• _What you need to do_
Print, exactly as they appear in the listing below, the lines from the line with "Load image into" to the line with "Blue streetcar. Nuremberg, 2006", with both end lines kept.

>>

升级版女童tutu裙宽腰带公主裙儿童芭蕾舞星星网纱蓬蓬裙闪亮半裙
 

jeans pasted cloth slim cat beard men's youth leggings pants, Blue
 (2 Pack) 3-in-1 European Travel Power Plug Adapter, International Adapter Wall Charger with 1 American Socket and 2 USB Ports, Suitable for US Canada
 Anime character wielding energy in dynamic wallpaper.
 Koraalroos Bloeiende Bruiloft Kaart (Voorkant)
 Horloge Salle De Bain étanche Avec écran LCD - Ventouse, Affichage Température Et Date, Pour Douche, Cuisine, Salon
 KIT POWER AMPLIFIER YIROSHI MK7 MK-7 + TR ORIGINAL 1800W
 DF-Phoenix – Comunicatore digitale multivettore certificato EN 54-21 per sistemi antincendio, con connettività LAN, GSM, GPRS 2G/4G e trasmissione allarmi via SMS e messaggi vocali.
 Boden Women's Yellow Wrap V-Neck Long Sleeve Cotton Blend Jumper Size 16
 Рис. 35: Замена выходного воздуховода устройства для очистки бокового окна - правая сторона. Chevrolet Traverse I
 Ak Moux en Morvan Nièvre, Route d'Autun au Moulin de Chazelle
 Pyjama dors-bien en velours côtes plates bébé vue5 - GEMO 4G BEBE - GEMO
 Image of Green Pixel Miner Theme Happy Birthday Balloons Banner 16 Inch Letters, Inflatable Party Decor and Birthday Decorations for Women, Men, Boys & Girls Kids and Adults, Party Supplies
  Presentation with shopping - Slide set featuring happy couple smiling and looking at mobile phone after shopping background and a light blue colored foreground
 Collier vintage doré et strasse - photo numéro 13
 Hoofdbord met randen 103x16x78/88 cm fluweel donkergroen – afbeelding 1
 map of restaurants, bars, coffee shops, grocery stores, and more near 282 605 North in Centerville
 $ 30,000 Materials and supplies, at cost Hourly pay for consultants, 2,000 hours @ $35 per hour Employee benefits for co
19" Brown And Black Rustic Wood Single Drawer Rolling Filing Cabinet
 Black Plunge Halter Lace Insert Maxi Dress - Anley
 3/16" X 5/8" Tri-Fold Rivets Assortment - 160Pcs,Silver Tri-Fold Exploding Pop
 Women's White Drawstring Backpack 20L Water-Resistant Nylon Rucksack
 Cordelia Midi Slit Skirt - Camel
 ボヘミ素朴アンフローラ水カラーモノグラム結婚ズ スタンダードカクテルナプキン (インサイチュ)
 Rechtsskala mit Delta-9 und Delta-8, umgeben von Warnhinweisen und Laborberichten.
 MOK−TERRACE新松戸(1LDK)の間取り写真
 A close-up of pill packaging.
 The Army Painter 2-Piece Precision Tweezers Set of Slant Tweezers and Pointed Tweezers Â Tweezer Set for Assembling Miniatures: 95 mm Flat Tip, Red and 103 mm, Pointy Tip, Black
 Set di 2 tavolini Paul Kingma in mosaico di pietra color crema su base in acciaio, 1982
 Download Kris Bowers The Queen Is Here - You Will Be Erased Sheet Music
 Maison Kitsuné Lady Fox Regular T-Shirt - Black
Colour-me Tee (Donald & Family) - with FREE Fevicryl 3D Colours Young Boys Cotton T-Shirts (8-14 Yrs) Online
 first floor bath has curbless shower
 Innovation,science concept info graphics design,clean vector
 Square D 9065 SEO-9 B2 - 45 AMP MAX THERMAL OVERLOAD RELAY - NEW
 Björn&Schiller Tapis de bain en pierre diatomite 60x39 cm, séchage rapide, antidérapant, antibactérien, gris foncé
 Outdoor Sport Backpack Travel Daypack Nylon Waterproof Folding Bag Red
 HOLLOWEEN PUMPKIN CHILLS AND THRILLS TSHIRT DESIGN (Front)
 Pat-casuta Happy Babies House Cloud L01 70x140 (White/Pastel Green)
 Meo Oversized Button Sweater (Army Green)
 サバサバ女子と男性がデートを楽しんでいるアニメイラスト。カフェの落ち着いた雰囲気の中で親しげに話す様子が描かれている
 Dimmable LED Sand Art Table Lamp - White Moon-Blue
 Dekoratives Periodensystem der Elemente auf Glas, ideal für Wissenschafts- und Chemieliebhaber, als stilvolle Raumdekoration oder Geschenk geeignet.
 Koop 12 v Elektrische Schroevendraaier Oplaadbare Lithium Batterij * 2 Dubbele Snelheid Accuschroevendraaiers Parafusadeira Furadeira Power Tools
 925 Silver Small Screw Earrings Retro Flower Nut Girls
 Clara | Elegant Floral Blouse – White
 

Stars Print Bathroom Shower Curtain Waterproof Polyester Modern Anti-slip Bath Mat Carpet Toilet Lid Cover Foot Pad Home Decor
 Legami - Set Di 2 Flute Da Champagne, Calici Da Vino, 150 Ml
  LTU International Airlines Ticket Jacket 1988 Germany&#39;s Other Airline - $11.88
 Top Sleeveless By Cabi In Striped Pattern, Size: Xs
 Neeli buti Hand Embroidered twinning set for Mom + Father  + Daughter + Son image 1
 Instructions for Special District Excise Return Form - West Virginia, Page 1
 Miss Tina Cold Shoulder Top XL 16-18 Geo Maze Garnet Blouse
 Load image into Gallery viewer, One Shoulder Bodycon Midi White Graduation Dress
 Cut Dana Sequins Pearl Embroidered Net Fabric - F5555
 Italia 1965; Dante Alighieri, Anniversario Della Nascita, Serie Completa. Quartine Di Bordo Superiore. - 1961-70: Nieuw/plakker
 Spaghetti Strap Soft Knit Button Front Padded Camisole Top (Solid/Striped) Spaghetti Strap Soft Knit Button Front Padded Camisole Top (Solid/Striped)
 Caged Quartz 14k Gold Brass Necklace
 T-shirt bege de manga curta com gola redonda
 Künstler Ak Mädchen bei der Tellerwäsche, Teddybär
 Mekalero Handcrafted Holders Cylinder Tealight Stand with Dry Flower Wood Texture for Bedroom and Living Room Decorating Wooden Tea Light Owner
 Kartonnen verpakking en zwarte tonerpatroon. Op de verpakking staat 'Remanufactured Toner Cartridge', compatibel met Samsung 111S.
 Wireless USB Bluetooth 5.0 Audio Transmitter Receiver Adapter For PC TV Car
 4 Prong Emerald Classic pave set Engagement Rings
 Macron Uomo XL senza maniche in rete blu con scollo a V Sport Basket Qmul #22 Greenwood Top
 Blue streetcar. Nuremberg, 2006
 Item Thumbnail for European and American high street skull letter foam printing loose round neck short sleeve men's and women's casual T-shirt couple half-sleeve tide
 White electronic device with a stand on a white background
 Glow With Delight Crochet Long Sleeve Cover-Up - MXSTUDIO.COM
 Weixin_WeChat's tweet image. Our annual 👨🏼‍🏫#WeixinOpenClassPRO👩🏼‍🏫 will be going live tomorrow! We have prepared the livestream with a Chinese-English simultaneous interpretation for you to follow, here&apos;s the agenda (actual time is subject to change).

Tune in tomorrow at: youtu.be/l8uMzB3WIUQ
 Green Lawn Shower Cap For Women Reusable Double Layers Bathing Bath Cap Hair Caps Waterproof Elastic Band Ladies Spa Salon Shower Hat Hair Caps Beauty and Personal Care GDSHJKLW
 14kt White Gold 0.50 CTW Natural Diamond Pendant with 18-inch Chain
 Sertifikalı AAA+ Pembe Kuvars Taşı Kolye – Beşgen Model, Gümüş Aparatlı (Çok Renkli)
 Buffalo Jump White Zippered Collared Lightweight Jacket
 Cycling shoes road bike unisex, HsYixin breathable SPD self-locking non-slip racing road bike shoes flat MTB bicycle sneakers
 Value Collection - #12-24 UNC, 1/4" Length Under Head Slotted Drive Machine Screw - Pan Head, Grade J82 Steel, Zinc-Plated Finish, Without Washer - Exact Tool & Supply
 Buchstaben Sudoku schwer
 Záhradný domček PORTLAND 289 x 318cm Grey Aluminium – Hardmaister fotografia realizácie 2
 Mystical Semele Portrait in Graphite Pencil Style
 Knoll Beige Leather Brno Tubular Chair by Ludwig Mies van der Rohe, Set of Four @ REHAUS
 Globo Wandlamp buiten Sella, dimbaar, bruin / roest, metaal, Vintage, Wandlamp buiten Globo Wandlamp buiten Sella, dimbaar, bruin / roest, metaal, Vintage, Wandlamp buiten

<<

• _Output for this exercise_
 Load image into Gallery viewer, One Shoulder Bodycon Midi White Graduation Dress
 Cut Dana Sequins Pearl Embroidered Net Fabric - F5555
 Italia 1965; Dante Alighieri, Anniversario Della Nascita, Serie Completa. Quartine Di Bordo Superiore. - 1961-70: Nieuw/plakker
 Spaghetti Strap Soft Knit Button Front Padded Camisole Top (Solid/Striped) Spaghetti Strap Soft Knit Button Front Padded Camisole Top (Solid/Striped)
 Caged Quartz 14k Gold Brass Necklace
 T-shirt bege de manga curta com gola redonda
 Künstler Ak Mädchen bei der Tellerwäsche, Teddybär
 Mekalero Handcrafted Holders Cylinder Tealight Stand with Dry Flower Wood Texture for Bedroom and Living Room Decorating Wooden Tea Light Owner
 Kartonnen verpakking en zwarte tonerpatroon. Op de verpakking staat 'Remanufactured Toner Cartridge', compatibel met Samsung 111S.
 Wireless USB Bluetooth 5.0 Audio Transmitter Receiver Adapter For PC TV Car
 4 Prong Emerald Classic pave set Engagement Rings
 Macron Uomo XL senza maniche in rete blu con scollo a V Sport Basket Qmul #22 Greenwood Top
 Blue streetcar. Nuremberg, 2006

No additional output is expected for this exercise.